Throughput measurements
To understand the factors that affect high network and
application throughput for disciplines such as the Grid or High Energy and
Nuclear Physics (HENP), we undertook to make measurements of throughput between
SLAC and various collaborators with high speed links. This is reported on at http://www-iepm.slac.stanford.edu/monitoring/bulk/index.html
for TCP and http://www-iepm.slac.stanford.edu/monitoring/bulk/bbcp.html
for file copy/transfer.
QBSS
We worked with Stanislav Shalunov of Internet 2 to understand the QBone Scavenger Service (QBSS) and then built testbeds (with a 10 Mbit/s and a
100Mbit/s bottleneck) to evaluate the utility and performance. This is reported
on in http://www-iepm.slac.stanford.edu/monitoring/qbss/measure.html.
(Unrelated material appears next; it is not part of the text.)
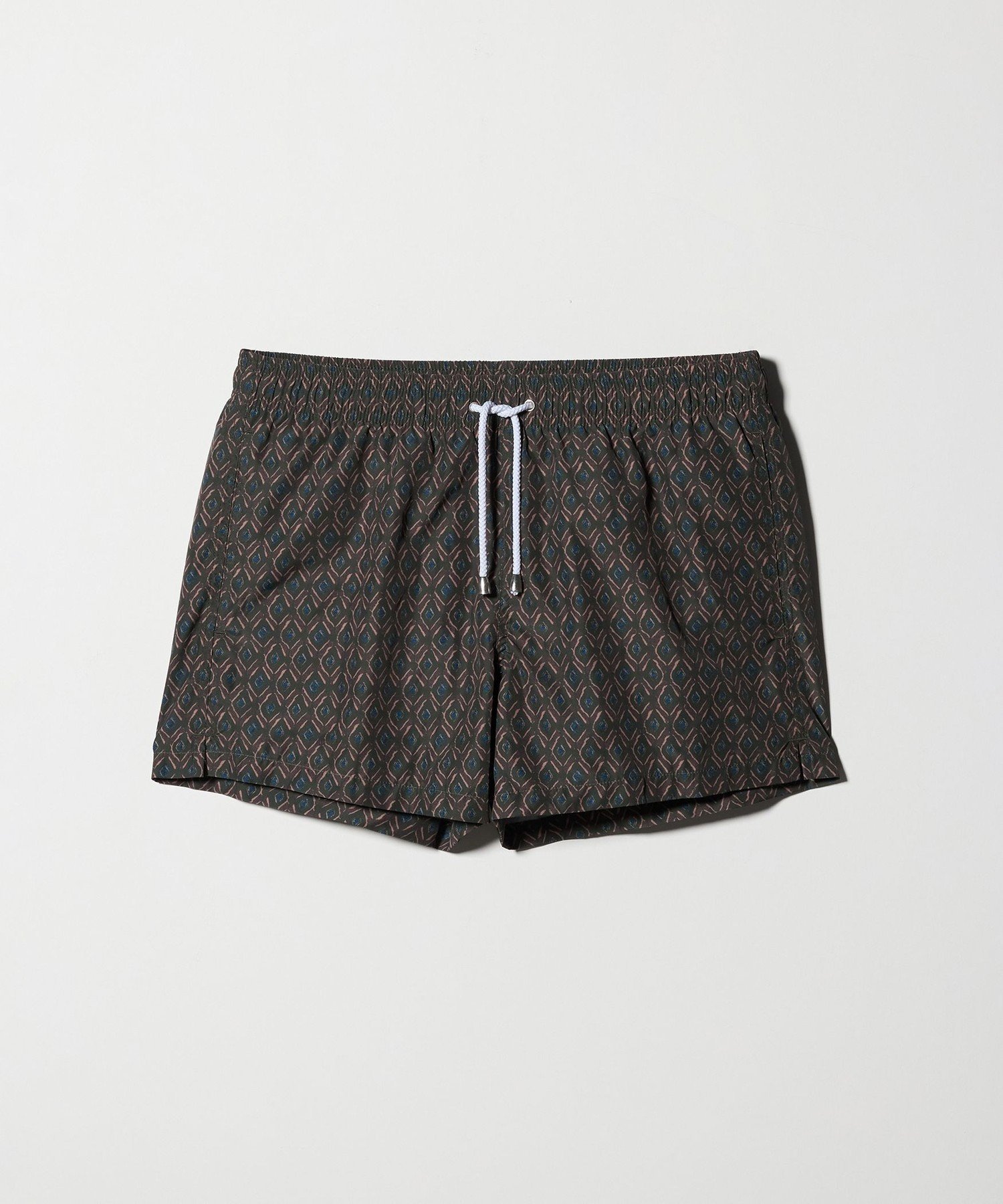 UNITED ARROWS ＜ARCURI＞プリント スイム ショーツ ユナイテッドアローズ 水着・スイムグッズ 水着 グリーン【送料無料】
We found that it is very effective in using the available bandwidth, that it
enables the scavenger service to back of quickly (<~ 1 sec) in the face of
congestion from higher priority services (e.g. best effort), and that it can
reduce the impact on delays for other competing applications with higher
priorities. We have written an article on QoS
experiences for CENIC which is planned to be published in the next couple of
months.
BBCP
The bbcp secure file copy tool that supports large windows
and multiple streams has been enhanced to support network measurements. The
following features have been added: memory to memory copies as well as disk to
disk; periodic reporting of incremental and cumulative throughputs;
self-rate-limiting; setting DiffServ Control Point (DSCP)
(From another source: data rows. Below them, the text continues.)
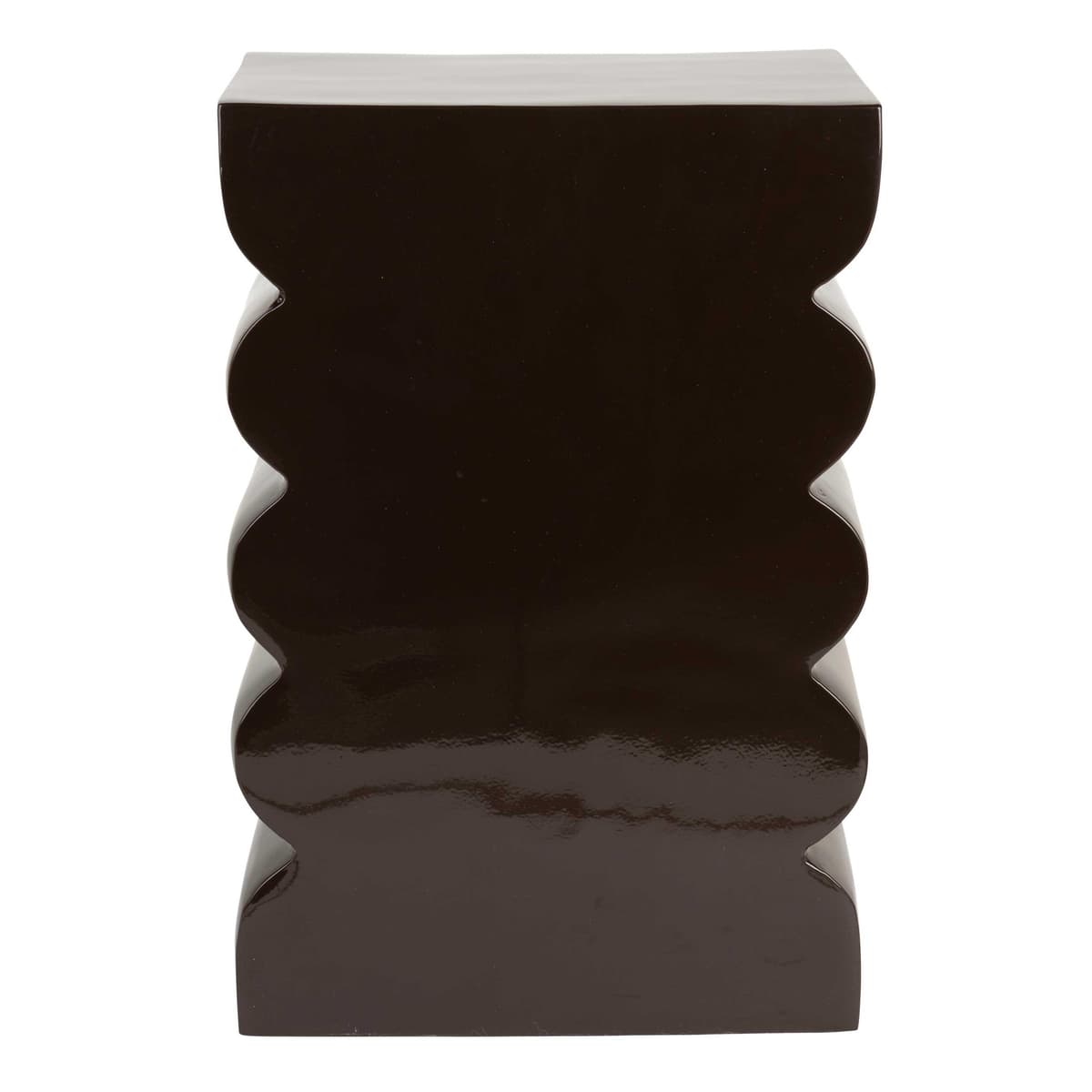 Zuiver Curves Kruk Bruin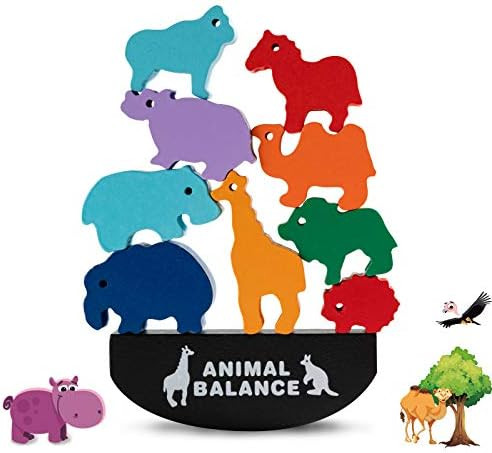 DiYiMi Toddler Toys for Kids 3-5 Years Old Boy Girls Wooden Stacking Games for 2-4 Year Old Woode... | Amazon (US)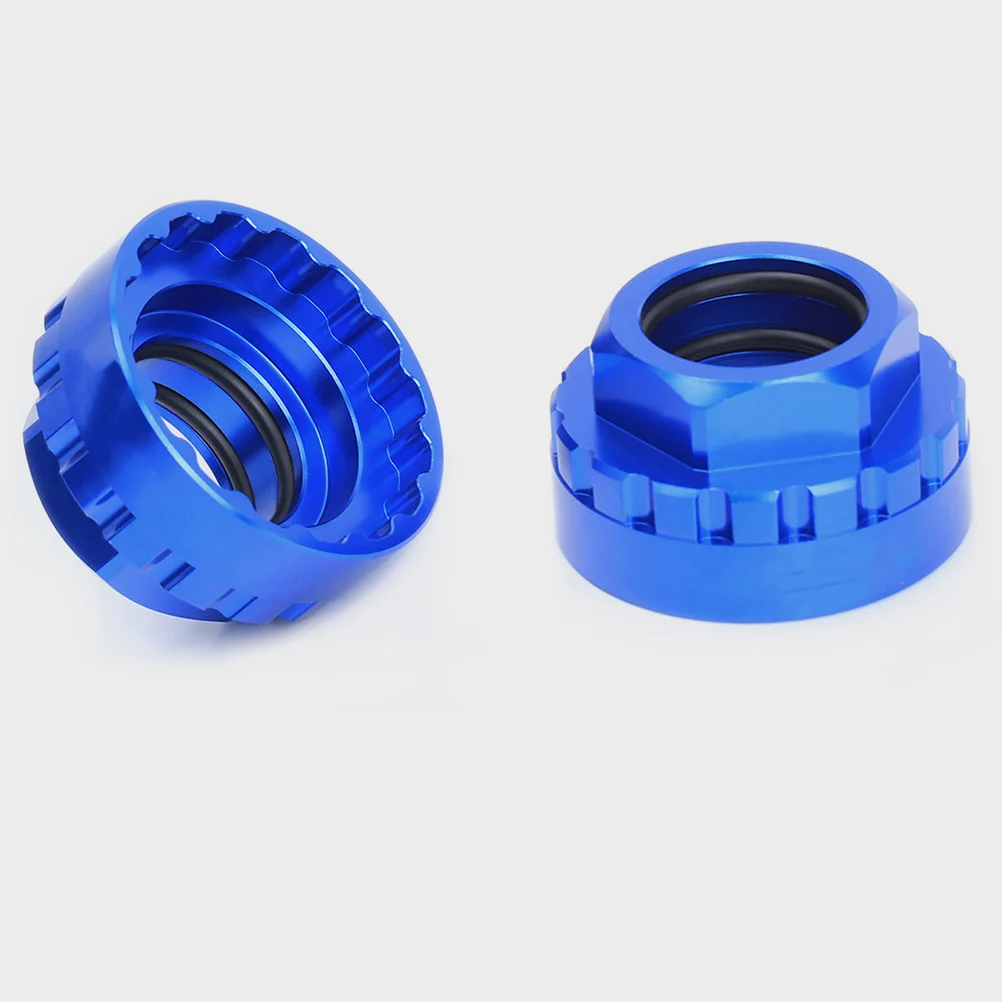 Bike Crank Puller Universal Aluminum Crank Extractor For Round Type Splined Cranks Removal Tool Bottom Bracket Dismantling Tool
values for QoS testing. A paper entitled Peer-to-Peer
Computing for Secure High Performance Data Copying was published at CHEP01
on bbcp by Andy Hanushevsky,
Artem Trunov & Les
Cottrell.
Passive measurements
We installed and configured the Cisco Netflow
to make passive measurements on flows at the SLAC border. We gathered the Netflow records and for large flows (> 10Mbits/s) we
validated that passive Netflow throughputs give
reasonably good agreement with iperf TCP network
throughput measurements. This is documented at http://www.slac.stanford.edu/comp/net/netflow/thru.html
SC2001
For SC2001, we proposed and had accepted a demonstration
entitled Bandwidth to the World (see http://www-iepm.slac.stanford.edu/monitoring/bulk/sc2001/
). Briefly the deomstration emulated an HENP tier 0 accelerator site distribution large volumes
of data to about 25 collaborator sites. This required getting logon accounts at
the remote sites, building tools to run on 3 PCs at SC2001 to send the data,
record the throughput, analyse and present the
results via the web. We also had to understand and measure the optimum
configuration values to use (windows and streams, cpu speeds and OS’ etc.), see http://www-iepm.slac.stanford.edu/monitoring/bulk/window-vs-streams.html.
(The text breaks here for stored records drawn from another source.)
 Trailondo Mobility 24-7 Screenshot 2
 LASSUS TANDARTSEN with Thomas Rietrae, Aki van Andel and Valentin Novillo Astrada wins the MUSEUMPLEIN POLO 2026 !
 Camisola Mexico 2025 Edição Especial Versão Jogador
We achieved a sustained 1.6Mbits/s over a 2Gbit/s link to 17 sites in 5
countries. Since we were able to congest the link we were also able to
demonstrate QBone Scavenger Service (QBSS) working at
2 Gbit/s rates. For the SLAC/FNAL booth itself we put
together demonstrations of the IEPM measurement project including RTT to the
work (PingER) and higher throughput measurements
(IEPM-BW), animated bar charts on top of a world map which now are part of the
Atlas of Cyberspace (see http://www.cybergeography.org/atlas/geographic.html).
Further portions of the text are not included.